Vital Weekly, Frans de Waard:
Recently I bumped, by accident it seemed, into Miguel A. Garcia, crossing paths in a city far, far away and it was good to see, finally, his modus operandi, even perhaps for that night/tour only. A set-up that consists of computer-controlled feedback and some extra electronics that worked very well in his duo with Sebastien Branche (on saxophone). Here Garcia also gets credit for electronics, just as Alfredo Costa Monteiro. It doesn't mention if this is a live recording or perhaps some studio meeting and to what extend there is an editing or layering of the music. Somehow I don't think the latter is the case, and that all of this is a pretty straightforward set of recordings of some pretty intense music. I would believe that this works very much along the lines of processing internally looped sources together into some very strong, forceful music; feedback maybe, acoustic sounds maybe? I must admit I have very little idea as to what is going on here. If this is improvised then these two men have mighty control over their apparatus to play these sounds. This is nothing for the weak of hearth, I would think. The advise 'play loud' is usually not very well-spend on me, but in this case I am sure it is the only you should do. Just like last week's release by Cilantro on the same label this is something one would not expect but it sure is damn fine release.

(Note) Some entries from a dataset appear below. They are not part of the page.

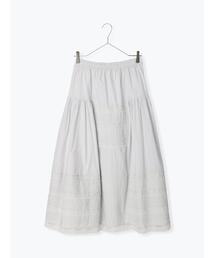 TSUHARU by Samansa Mos2 | リバーレース切替ギャザースカート(スカート)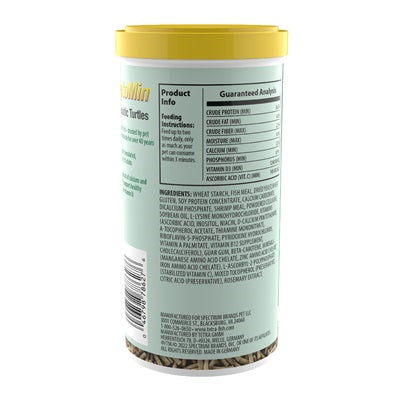 TetraFauna ReptoMin Floating Food Sticks for Aqutaic Turtles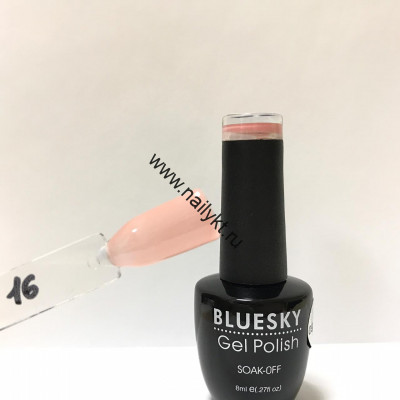 Bluesky Cover pink Rubber base 8ml №16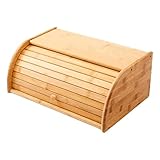 POCHY Mode Brotkästen Brotkasten aus Holz für die Küche, Broteimer mit großem Fassungsvermögen und tragbarem Brotaufbewahrungs-Brothalter SchönGroßzügig
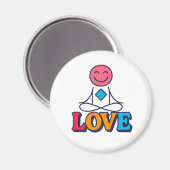 Jamaika eine Liebe Magnet (Vorderseite/Rückseite)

Chain D.L.K., Stuart Bruce:
This is the first published collaboration between these two experimental improvisers. In it, some familiar stalwart sounds of dark experimental ambient music including drones, industrial noises, feedback, white noises (and other flavours I think), analogue modulations and glitches wash and wave, sometimes fairly slowly, sometimes abruptly, as you’re taken into an alien environment that’s complex, immersive yet largely unwelcoming.

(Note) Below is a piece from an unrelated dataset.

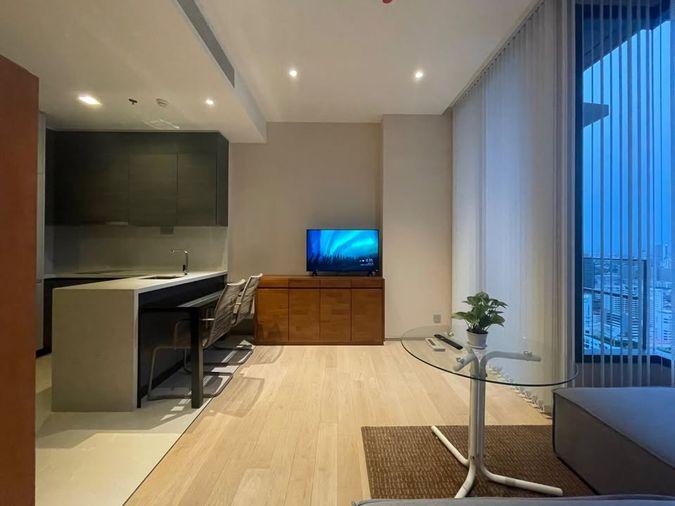 รูป Park Origin Thonglor ขายห้องที่ราคาดีที่สุดในตึก ชั้นสูงวิวสวย ห้องสองชั้น ตกแต่งสวย เฟอร์นิเจอร์ครบ 1 ห้องนอน 1 ห้องน้ำ - รูปที่ 1/13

Though packaged as 4 tracks, each around 10 minutes long, it’s a relentless work with little distinction between the sections. Things do mellow out briefly towards the end of second piece “Und”, but it’s a temporary reprieve. The hollow tones at the beginning of “Toj” have a slightly more horror movie flavour for a while, while parts of “Sappnicran” feel like they’ve been pumped through a plastic tube.
It’s abrasive but over time it gradually becomes quite compelling, with a sort of sonic scouring effect. Particularly on headphones it’s somewhat cathartic. It doesn’t peddle anything particularly new or distinctive, but as a well-wrapped dose of experimental noise it develops its own sense of function.